A light that never goes out? Washington v. Trump

After having examined a ruling from the Pakistan Supreme Court a few weeks ago, this week I chanced to read the ruling from the State of Washington v. Trump case.

In this, the 9th US Circuit Court of Appeals denied the attempt to reinstate President Trump’s immigration ban. You can read the full ruling here.

I’m not going to editorialise on this topic much, being neither a lawyer nor an American. Indeed this blog is more a request for explication than an attempt at explanation.


Authority and evidence

The first thing that caught my attention was how definitively the Court dealt with President Trump’s claim that he had “unreviewable authority” in this matter. The Court describes how:

“the Government has taken the position that the President’s decisions about immigration policy, particularly when motivated by national security concerns, are unreviewable, even if those actions potentially contravene constitutional rights and protections”

In response, the Court unambigiously replied that:

There is no precedent to support this claimed unreviewability, which runs contrary to the fundamental structure of our constitutional democracy

If the situation is this clear cut, one wonders why the Trump administration ever thought this claim would succeed.

Did they know this argument would be rejected but made it anyway? If so, why?

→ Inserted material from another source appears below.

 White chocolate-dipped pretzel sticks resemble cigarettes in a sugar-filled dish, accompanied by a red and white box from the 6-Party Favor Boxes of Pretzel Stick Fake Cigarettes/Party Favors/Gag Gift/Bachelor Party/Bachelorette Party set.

What is also puzzling is that the Trump administration did not submit intelligence reports to the Court to evidence their claim that the targeted immigrants presented a threat. They only inferred they had this evidence. The Government stated that:

“[u]nlike the President, courts do not have access to classified information about the threat posed by terrorist organizations operating in particular nations, the efforts of those organizations to infiltrate the United States, or gaps in the vetting process.”

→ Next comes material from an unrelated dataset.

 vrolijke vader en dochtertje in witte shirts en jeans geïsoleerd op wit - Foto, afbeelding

This argument didn’t persuade the Court because the Court was eligible to see such classified information. As the Court noted:

“the Government may provide a court with classified information. Courts regularly receive classified information under seal and maintain its confidentiality.”

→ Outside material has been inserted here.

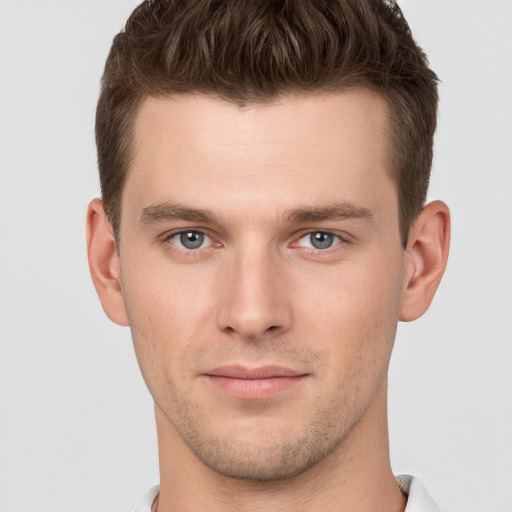 Joyful white young-adult male with short  brown hair and grey eyes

It seems odd that the Government first makes a claim of “unreviewable authority”, which seems to have been destined to fail, and then fails to give evidence that would have strengthened its case immeasurably. What is going on here?

I will leave it to someone more informed in the law and US politics to speculate. In particular, I’d really like to hear the podcaster Dan Carlin reprise his conversation with the Harvard Law Professor Lawrence Lessig and address this topic.


The U.S. Constitution: a light that never goes out?

common-senseSpeaking of Dan Carlin, at parts of the ruling I thought I’d slipped into an episode of one of his Common Sense podcasts.

In these, Carlin frequently stresses the dangers of temporarily putting the U.S. Constitution to one side.

Let me give you a few passages from the ruling to illustrate:

The Court notes Boumediene v. Bush (2008) ruled that the political branches lack:

the power to switch the Constitution on or off at will

It recalled that Ex parte Milligan (1866) stated:

The Constitution of the United States is a law for rulers and people, equally in war and in peace… under all circumstances.”

And it invoked United States v. Robel (1967) which determined that:

‘National defense’ cannot be deemed an end in itself, justifying any exercise of legislative power designed to promote such a goal. . . . It would indeed be ironic if, in the name of national defense, we would sanction the subversion of one of those liberties . . . which makes the defense of the Nation worthwhile.

Another interesting part of the ruling pertaining to the Constitution related to the rights it gives to non-citizens.

For example, the Court described how the Fifth Amendment (which prohibits the Government from depriving individuals of their “life, liberty, or property, without due process of law.”), and specifically its Due Process Clause, is:

“not limited to citizens. Rather, they “appl[y] to all ‘persons’ within the United States, including aliens,” regardless of “whether their presence here is lawful, unlawful, temporary, or permanent…. These rights also apply to certain aliens attempting to reenter the United States after travelling abroad.” 


Land of the Free, Home of the Brave

The U.S. Constitution is a remarkable document, but nothing is an inviolable bulwark against humanity’s darker passions.

Back in 1789, in his Undelivered First Inaugural Address, George Washington warned that:


George Washington

“Should, hereafter, those who are entrusted with the management of this government, incited by the lust of power and prompted by the supineness or venality of their Constituents, overleap the known barriers of this Constitution and violate the unalienable rights of humanity: it will only serve to shew, that no compact among men… can be pronounced everlasting and inviolable… that no Wall of words, that no mound of parchment can be so formed as to stand against the sweeping torrent of boundless ambition on the one side, aided by the sapping current of corrupted morals on the other.”

In contrast, it was fear that Roosevelt would memorably warn of:

The antidote to fear is courage, which Paul Krugman duly prescribed to Americans in his recent article “when the fire comes“:

“Institutions are only as good as the people who serve them. Authoritarianism, American-style, can be averted only if people have the courage to stand against it….In the end, I fear, it’s going to rest on the people — on whether enough Americans are willing to take a public stand. We can’t handle another post-9/11-style suspension of doubt about the man in charge; if that happens, America as we know it will soon be gone.”

A Land of the Free must by necessity be a Home of the Brave.